_INPUT RECORDS_.
+++++

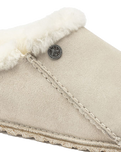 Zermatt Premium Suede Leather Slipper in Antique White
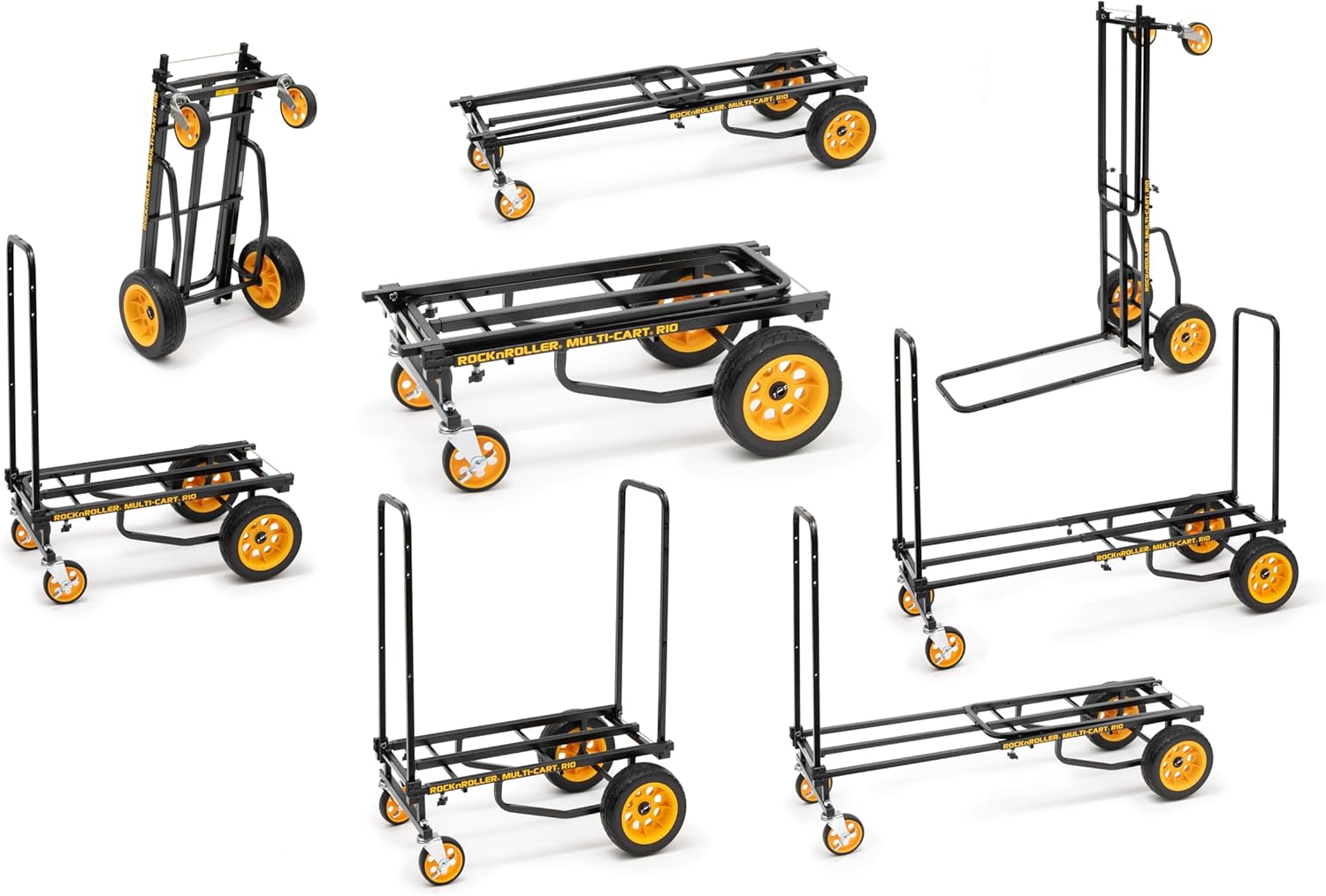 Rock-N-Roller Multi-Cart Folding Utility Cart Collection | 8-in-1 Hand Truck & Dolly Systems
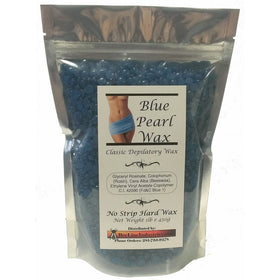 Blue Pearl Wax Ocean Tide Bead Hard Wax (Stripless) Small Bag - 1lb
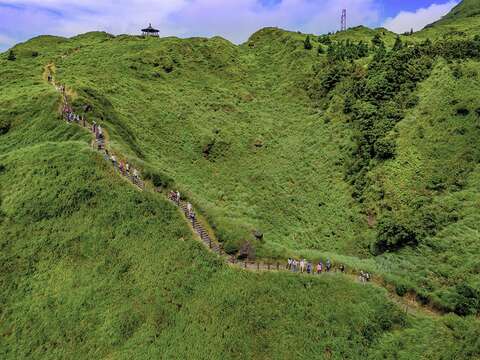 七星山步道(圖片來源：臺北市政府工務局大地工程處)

+++++

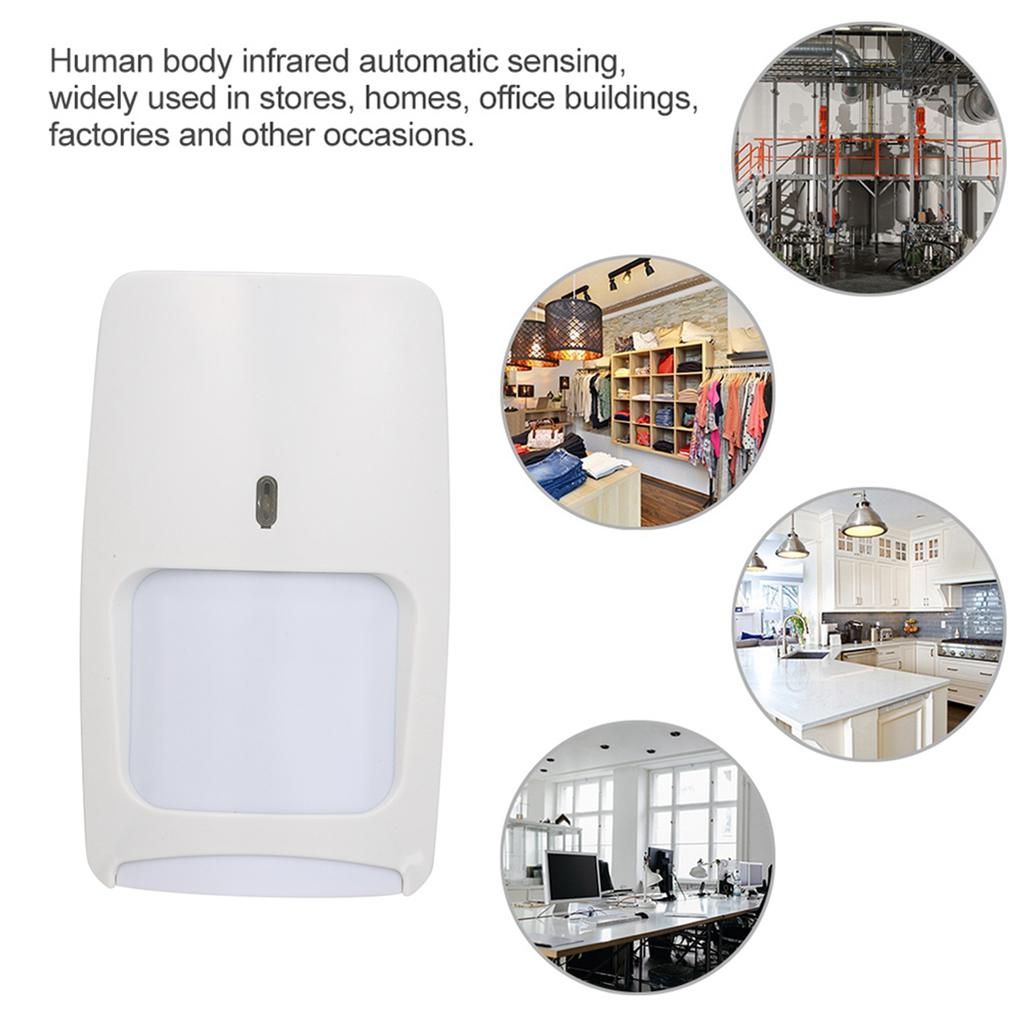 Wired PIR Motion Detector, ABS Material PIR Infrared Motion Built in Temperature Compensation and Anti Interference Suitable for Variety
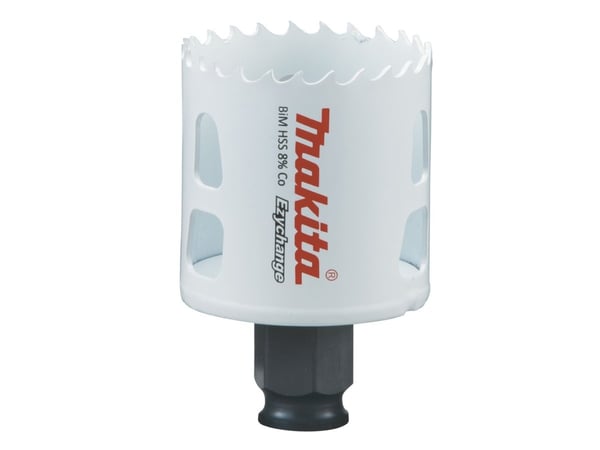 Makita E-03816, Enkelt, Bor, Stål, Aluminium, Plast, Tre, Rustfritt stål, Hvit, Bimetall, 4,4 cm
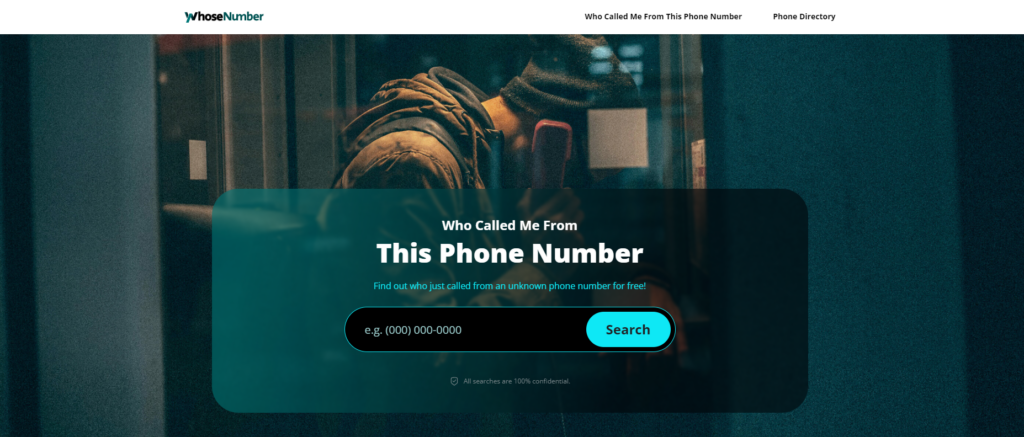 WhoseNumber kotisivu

+++++

_AIM OF THE TASK_. What you write must match the listing exactly, from the line with "Blue Pearl Wax" up to and including the line with "七星山步道(圖片來源：臺北市政府工務局大地工程處)". Pictures stay out.

_RESPONSE AREA_.
 Blue Pearl Wax Ocean Tide Bead Hard Wax (Stripless) Small Bag - 1lb
 七星山步道(圖片來源：臺北市政府工務局大地工程處)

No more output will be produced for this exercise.